Mayor Leppert is leading the charge for this convention center hotel. He had the council in executive session (read behind closed doors) a week or two ago and it was then decided that Dallas not only needed this hotel now, but Dallas needed to own it outright rather than just subsidize it. And it might cost $400-$500 million to build. And we don’t even know if it will make money, so add years of potential operating losses to that number and all of a sudden we’re talking real money.
And of course the voters shall have nothing to say about it. This hotel is to be financed with revenue bonds that do not require a vote of the citizenry.
Leppert has almost the entire council behind him on this, as he did with the Trinity River referendum, with the exception of council members Mitchell Rasansky and Angela Hunt. You’ve got to admit, the man can build a coalition. They’ve managed to keep Rasansky quiet with a ruling that he could not engage in vote or debate on this issue due to some Citigroup stock he held (the company that will underwrite bonds issued by the city for this deal). I thought this was a flimsy excuse to silence Rasansky when the city attorney announced it, but there it is. It’s not like this is going to really affect his Citigroup stock value, a company with a $122B market cap. I’ll just note that anyone with a mutual fund indirectly owns shares of Citigroup, but I digress.

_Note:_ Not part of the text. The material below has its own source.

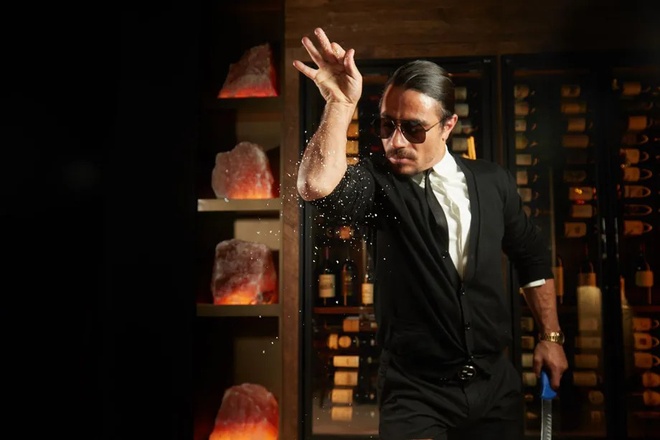 nguoi bieu tinh nha hang salt bae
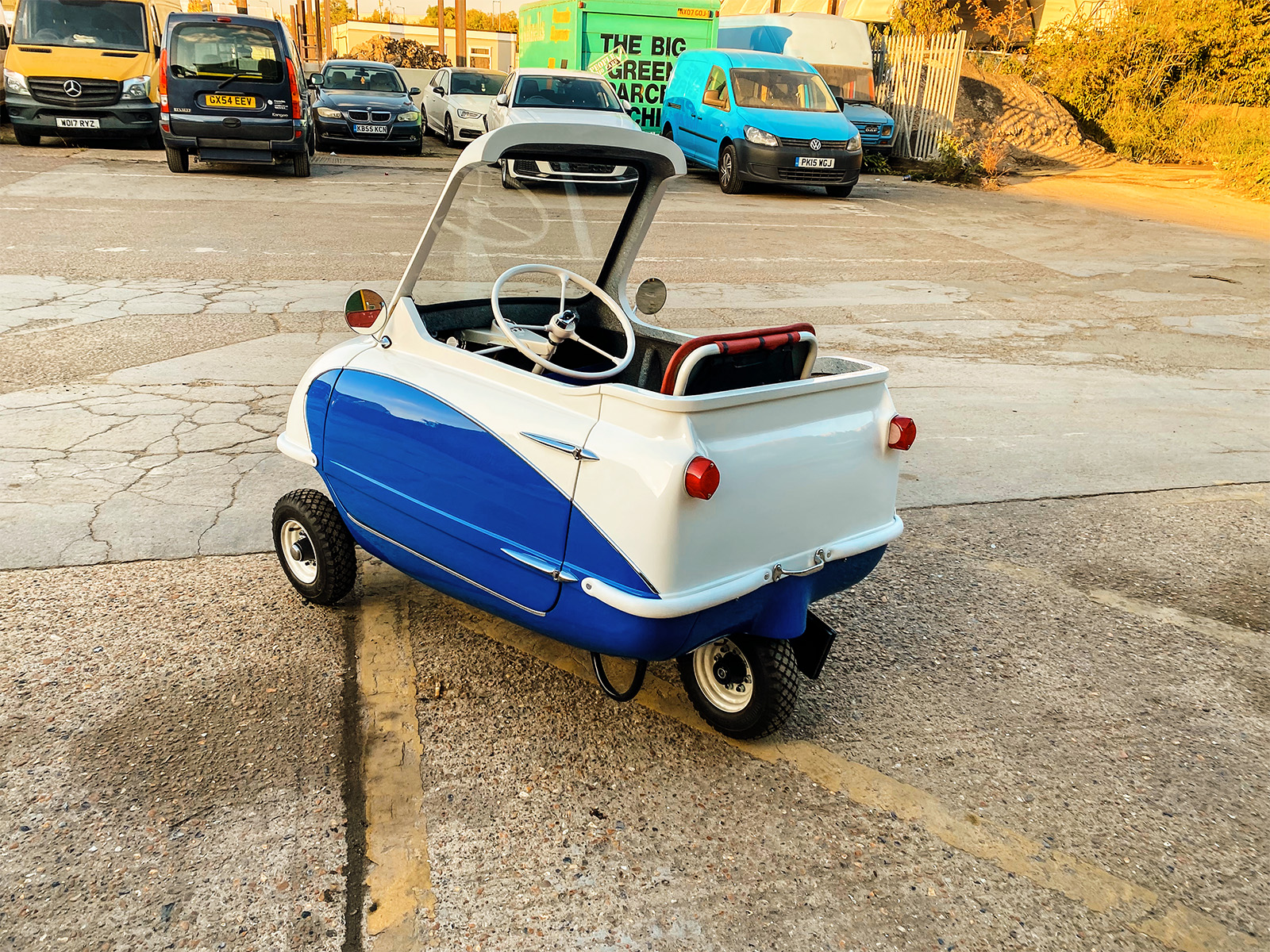 Peel P50 Cabrio Cabriolet White Blue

At any rate, Rasansky is silent no more. He has spoken in an Op-Ed piece in this morning’s DMN, ethics be damned. And it’s a good piece.
Here’s the thing. Neither Rasansky nor Hunt has come out against the hotel! They have both just stated that they would like to look at it further before putting taxpayers on the hook for half a billion dollars. And that is a very prudent position, especially in a city with a low hotel occupancy rate (Rasansky states it is less than 65 percent) and in a location that no private hotel developer has yet said this is where we want to put 1,200 rooms. Add to that a convention business that may be about to change radically with the advent of $120/bbl oil and the fact that Dallas is not a destination city like Miami or Las Vegas.
I haven’t read Leppert’s response yet, but I’ll bet he plays the old “world class city” tune, the one that lulls Dallasites into believing that we are just one signature bridge, one road in our drainage ditch, and one fancy publicly owned hotel away from being Los Angeles.
Leppert and his cronies on the council want to rush this through. And they might yet get away with it. Astonishing, really, that something this big could get slipped in under the public’s apathetic nose. Even the Morning News editorial board, Leppert’s lead cheerleader on the Trinity vote, is saying to slow down.
Slow down, Council. You still answer to the voters.
Update: Unfair Park is reporting that the council voted (with 2 dissents) to "get into the hotel business." I don't know yet if that means they voted to purchase the land or to actually go ahead with development of a hotel. If it's the latter... wow, that was fast!
Update 2: It appears from the resolution language that the council has authorized the sale of bonds for the land purchase and directed the city manager to enter into negotiations with developers and operators to build and operate the hotel. Funding for the actual hotel would have to be at a later meeting. Again... wow!